Kayıt dışılıktan bahsettiniz Sayın Bakan, dediniz ki: "Biz kayıt dışılığı azaltacağız." Ve sizin verdiğiniz rakam, Türkiye'de çalışan nüfusun yüzde 34,6'sı hâlen kayıt dışı. Geçen yıl sizin yerinizde oturan Sayın Bakan da bu rakamın geçen yıl için yüzde 33,6 olduğunu ve süratle azaltılacağını söyledi ama tam tersi, rakamın giderek yükseldiğini görüyoruz. Yani, siz ancak lafta mücadele ediyorsunuz ama rakamlar bu şekilde sizi yanıltıyor ya da siz halkı bilerek, isteyerek yanıltıyorsunuz.
Kayıt dışılıkta Suriye'den gelen sığınmacıların sorunu da son derece önemli. Bunların kaçak ve ucuz iş gücüyle çalışmasına bilerek, isteyerek göz yumuyorsunuz. Bu da bizim kendi işçilerimizin haklarını gasbetmek oluyor.
Bakın, demin size dedim ki...
(Mikrofon otomatik cihaz tarafından kapatıldı)
BAŞKAN - Sayın Atıcı, bir dakika ek süre veriyorum.
Buyurun.
AYTUĞ ATICI (Mersin) - İnsanlar işe girince de ölüyorlar. Bakın, TÜRK-İŞ. TÜRK-İŞ size yakın oldu maalesef, tarafsız olması gereken bir sendika AKP'nin yanı başında yer alıyor. Onlar bile diyorlar ki: "Açlık sınırı 1.405 Türk lirasıdır benim ülkemde, 4 kişilik bir aile için." Ama siz asgari ücreti 1.300 lira yaparak milyonlarca insanı açlığa mahkûm ettiniz. Allah aşkına, bana dünyada ikinci bir ülke gösterin ki çalışanların yarısından fazlası asgari ücretle yaşamını sürdürmeye çalışsın ya da açlıktan ölmeye devam etsin.
Hangi birisini söyleyeyim? Taşeronlaştırma dediniz, Türkiye'yi bir taşeron cenneti hâline getirdiniz. 360 bin olan taşeron işçi sayısı sizin döneminizde 2 milyonu aştı. Utanç verici bir şey. Kamudaki taşeron işçi sayısı 1,2 milyonu aştı Sayın Bakan.
Örgütlenme hakkı ve sendikalardan bahsetsek daha da rezil bir durum da ortaya çıkıyor.

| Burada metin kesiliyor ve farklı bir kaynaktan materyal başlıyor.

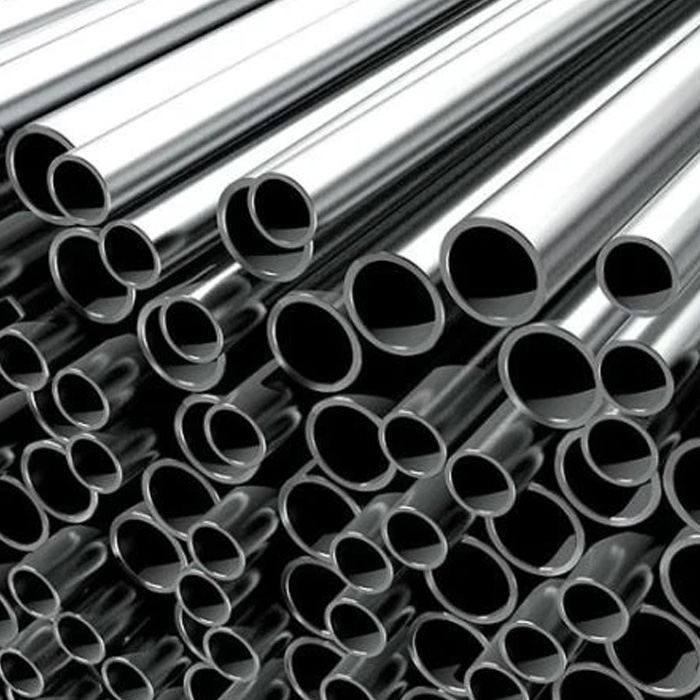 Corrosion-Proof-Structure-Steel1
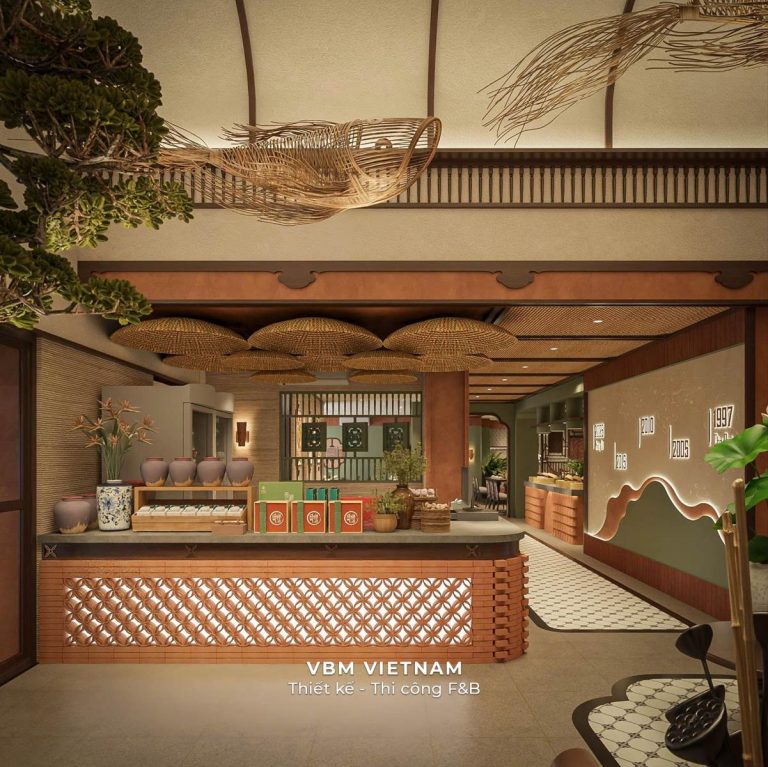 Nhà hàng nhất cỗ-18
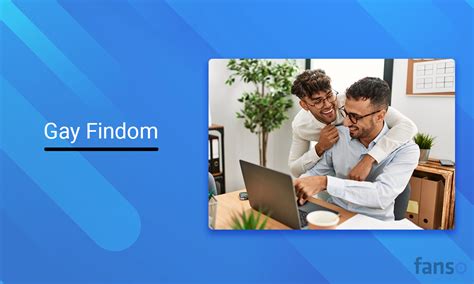 Gay Findom: How to Be A Gay Financial Dominator
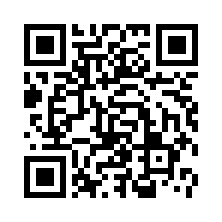 QR Code for 1LbX1rwafvEmfik1uagqBZnPtQVXd4kCPk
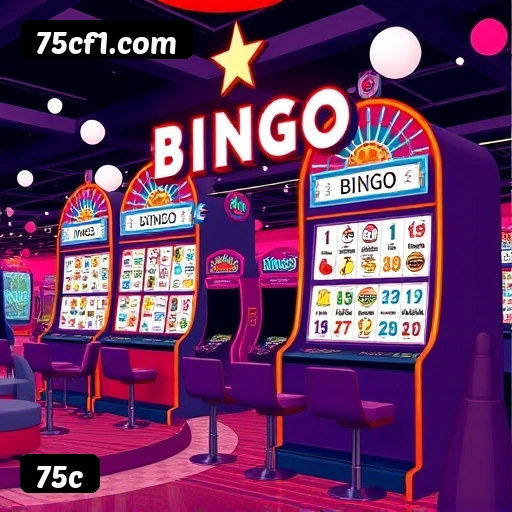 Maria Santos acumulou R$ 850K no Blackjack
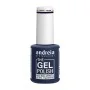 Nail polish Andreia Professional G28 Semi-permanent (105 ml) by Andreia, Polish - Ref: S4257830, Price: 11,29 €, Discount: %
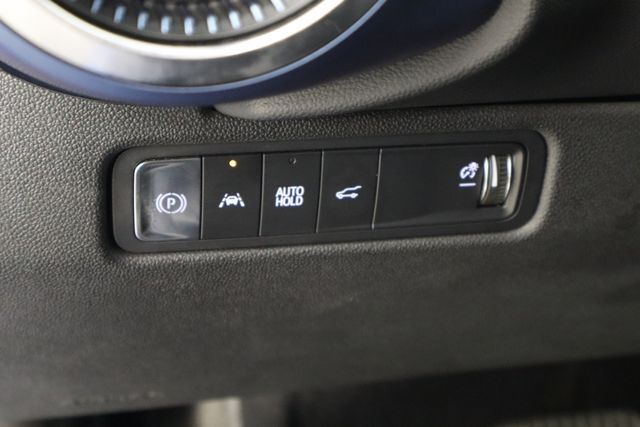 2024 Chevrolet Equinox EV LT Raleigh NC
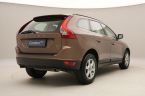 Volvo XC60 - fotka číslo 11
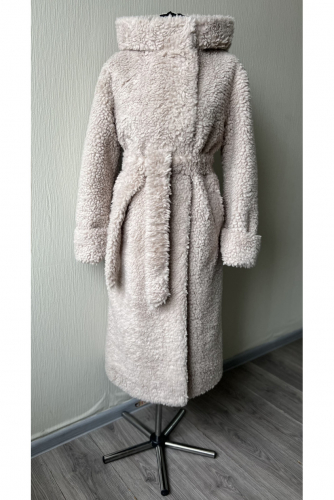 ������ ����� � ��������� �� ������ 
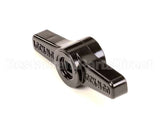 56563 Gold Medal Products Lock N Go Handlenew Cab.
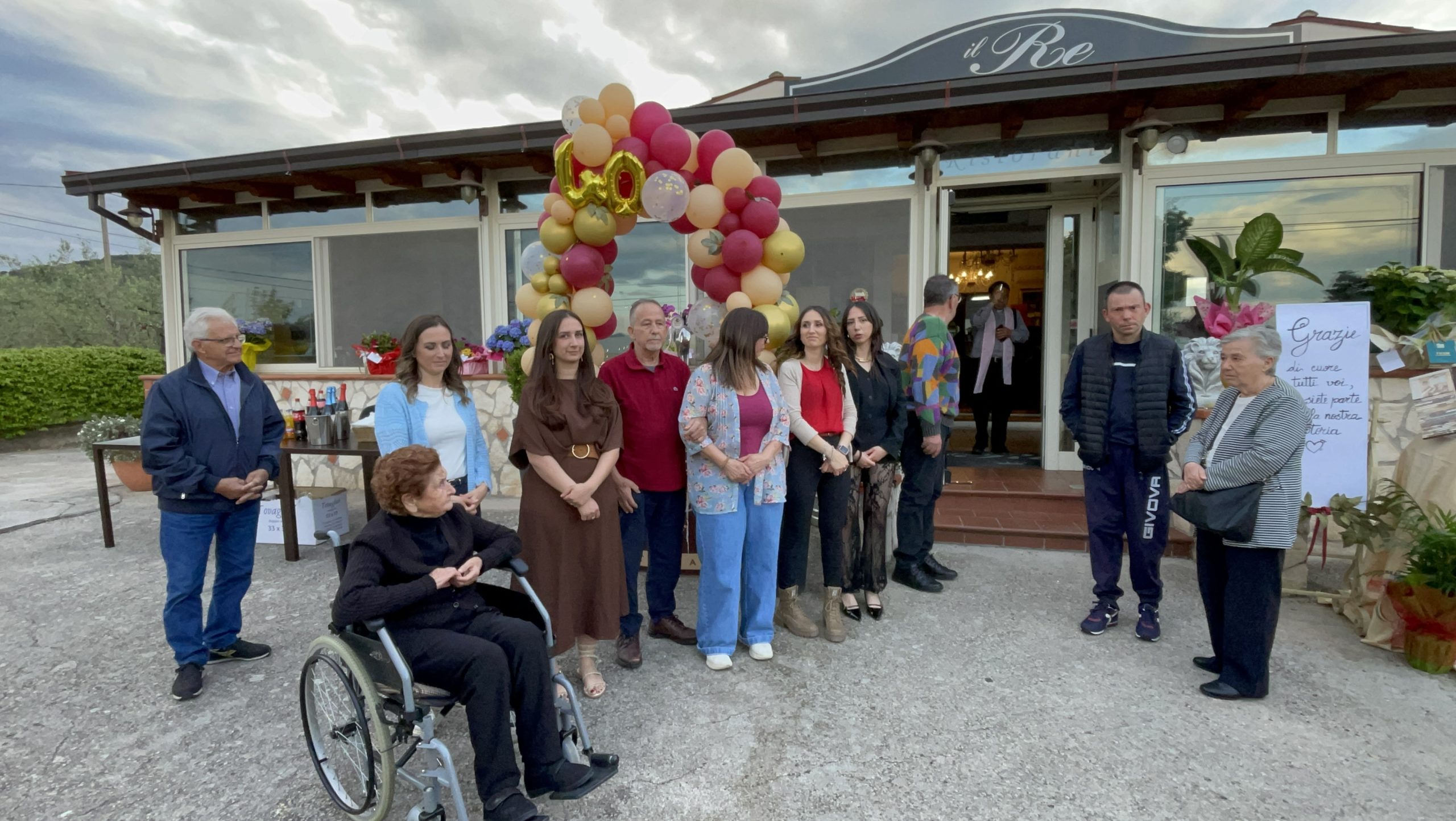 descrizione immagine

(Mikrofon otomatik cihaz tarafından kapatıldı)
BAŞKAN - Sayın Atıcı, son cümlelerinizi alayım lütfen.
AYTUĞ ATICI (Mersin) - 2003 yılında yüzde 57,5 olan sendikalaşma oranı bugün yüzde 11,5 işçiler arasında. Allah aşkına, ne yaptınız siz bunlara? Bu işçileri korkutarak, "Sakın sendikalaşmayın, sizi işten çıkarırız." diyerek bunların oranlarını net bir şekilde azalttınız Sayın Bakan.
İŞKUR'dan bahsettiniz. İŞKUR bir utanç kurumu hâline geldi neredeyse, âdeta iktidarın seçimler zamanında kullandığı bir meta hâline geldi. AKP'den getirdiği bir belge varsa elinde İŞKUR'dan faydalanıyor, değilse bundan faydalanması mümkün değil.
Son olarak da Sayıştay raporundan bir cümle okuyacağım size ve bütün durumu size izah edecek. Sayıştay raporunun denetim görüşü diyor ki: "SGK 2015 yılına ilişkin mali rapor ve tablolarının denetim görüşünün dayanakları bölümünde açıklanan nedenlerden dolayı doğru ve güvenilir bilgi içermediği kanaatine varıldı." Bu ayıp da yeter. Yani daha başka hiçbir şey söylemeye gerek yok Sayın Bakan.